Most founders (heck, most people) are overflowing with ideas. The problem is, most ideas are, you know…terrible. But they seem great right when you have them.

Mix an overflow of ideas with the difficulty of prioritizing what to do next and you’ve got yourself the makings of bloated, messy, hard-to-use software that lacks real direction and has little impact on customers.

To help combat this, we created a simple scoring system that guides and influences what we tackle next.

Our marketing prioritization system is geared towards marketers and marketing efforts, while this is geared towards product teams.

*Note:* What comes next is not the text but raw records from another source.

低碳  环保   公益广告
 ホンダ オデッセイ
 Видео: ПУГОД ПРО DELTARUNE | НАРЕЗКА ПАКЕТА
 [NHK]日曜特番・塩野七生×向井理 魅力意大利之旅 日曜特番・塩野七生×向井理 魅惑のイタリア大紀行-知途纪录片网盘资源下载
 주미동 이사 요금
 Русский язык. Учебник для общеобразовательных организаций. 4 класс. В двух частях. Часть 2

This system is quite a bit more simple as it’s nearly impossible to fully quantify and measure the impact or effort required to build something. Building software is a mix of data and gut feelings. You throw everything together in pot, mix it up in the best way you know how, but at the end of the day, you just have to make a decision.

So how does it work?

The System

You’ll want to make a copy of this Google Spreadsheet so you can follow along.

All those ideas that you and your team have for ways to improve your product? You shouldn’t just throw them out the window. You should write them down. In a spreadsheet. Where you generate a DIE score for them.

“A DIE score?!?! OMGBBQ, that’s scary!” Don’t worry little Johnny, it’s okay. Let me explain.

DIE: Demand, Impact, Effort

So my acronym on this is slightly morbid, but at least you’ll remember it. Whenever you have an idea for a feature, you add it to the spreadsheet and then assign three factors a rating.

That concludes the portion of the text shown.